Debajo de la tierra en que ya han brotado flores nuevas, ocultos por un manto de fresco césped sobre el cual arrastra el viento las hojas secas, durmiendo están para no despertar nunca muchos de los maestros, de los amigos y de los compañeros del poeta: Ignacio Ramírez, Ignacio M. Altamirano, Vicente Riva Palacio, Flores, Rosas Moreno, Francisco Lerdo, Plaza, Alamida, Manuel Ocaranza, pero sería larga e interminable la lista de los que han bajado a la eterna sombra. 

Los versos de Acuña han recorrido todos los dominios de la lengua castellana y en todas partes los admiran y los repiten, pues entre ellos hay muchos que bastan para revelar su genio.

Acuña fue víctima del hastío, de la nostalgia moral, de esa enfermedad sin nombre que marchita las flores del alma cuando apenas están en el capullo.
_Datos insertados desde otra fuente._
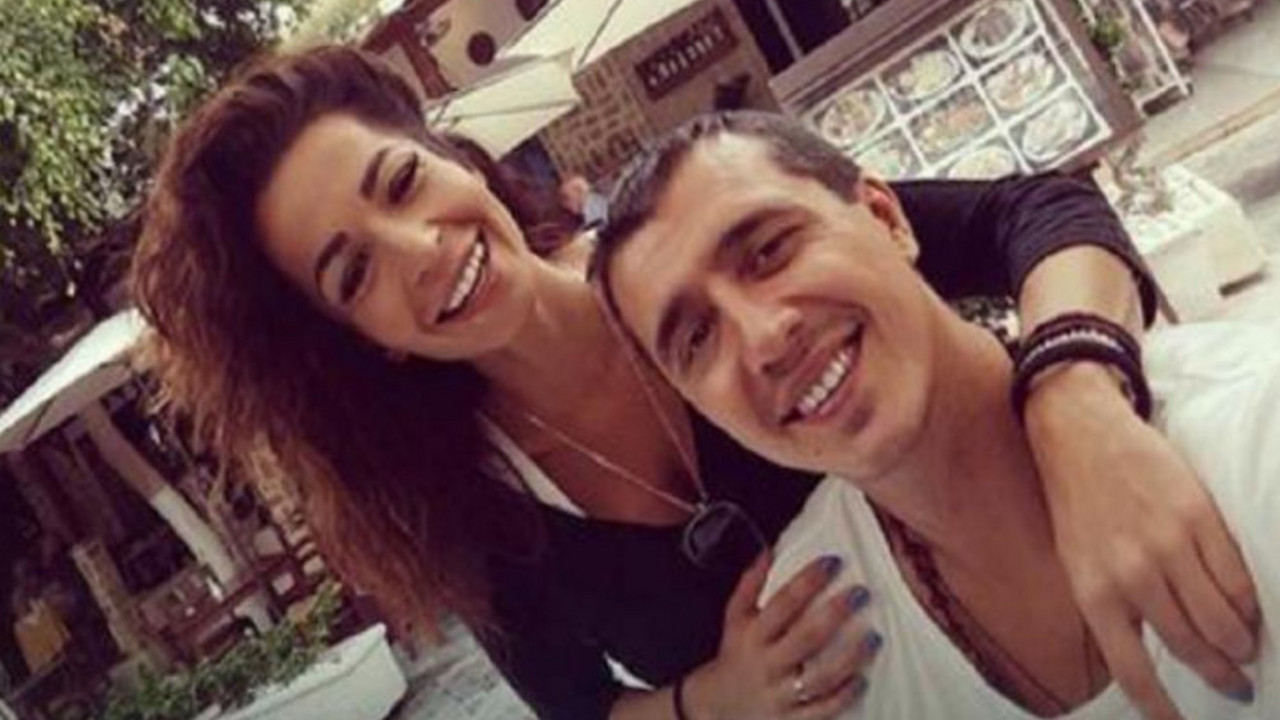 Marija Bulat, Marko Bulat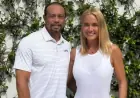 Tiger Woods: Palm Beach’s Unmissable Catch, Vanessa Won’t Leave Him
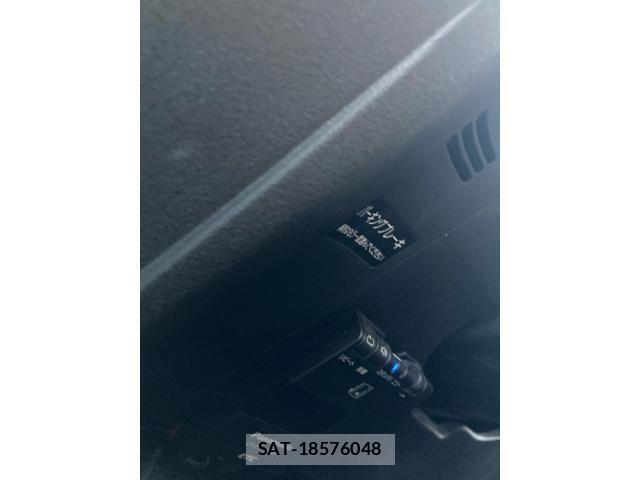 Honda FREED SPIKE 2011-06 7218972-16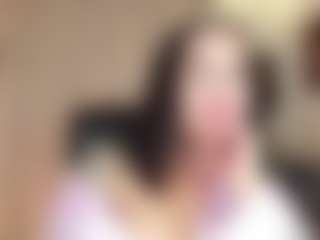 NitzziRouse's Live Sex Cam Show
En sus últimos días, vivía de una manera extraña: sus vigilias eran constantes; leía y escribía hasta el amanecer; gustaba de tomar un café espeso, el que llamaba Manuel Flores “El néctar negro de los suelos blancos” y aparentaba una jovialidad que servía de antifaz a su secreta tristeza.

Su trágica muerte es el resultado de un extravío cerebral: nadie aparece como causa de ella y son consejas triviales las que corren en boca del vulgo. 

En el Saltillo han honrado su memoria construyendo un precioso teatro que lleva su nombre y que tiene el patio en forma de lira. 

En México, debido al constante empeño de algunos de sus amigos, especialmente de Luis A. Escandón y de Agapito Silva, se le construyó un monumento que en esta fecha está concluido ya, en el Cementerio de Dolores, a donde han sido con orden de la autoridad, trasladados sus restos. 

Dicen que al exhumar los restos, en la mañana del veintinueve de noviembre, encontraron intacta la ropa, cubriendo los huesos; tenía todo el cabello, que cayó del cráneo al primer impulso del aire, y el doctor Abel F. González le encontró en la bolsa del chaleco una peseta del año de 1830. 

Acuña “si tan prematuramente no se roba a su propia gloria” como me dice hablando de él el inspirado Núñez de Arce, acaso sería hoy una de las más altas personalidades literarias de México. Las composiciones que dejó escritas revelan todo lo que pudo llegar a ser; el destino apagó la llama de su vida, pero no logrará extinguir su imperecedera memoria.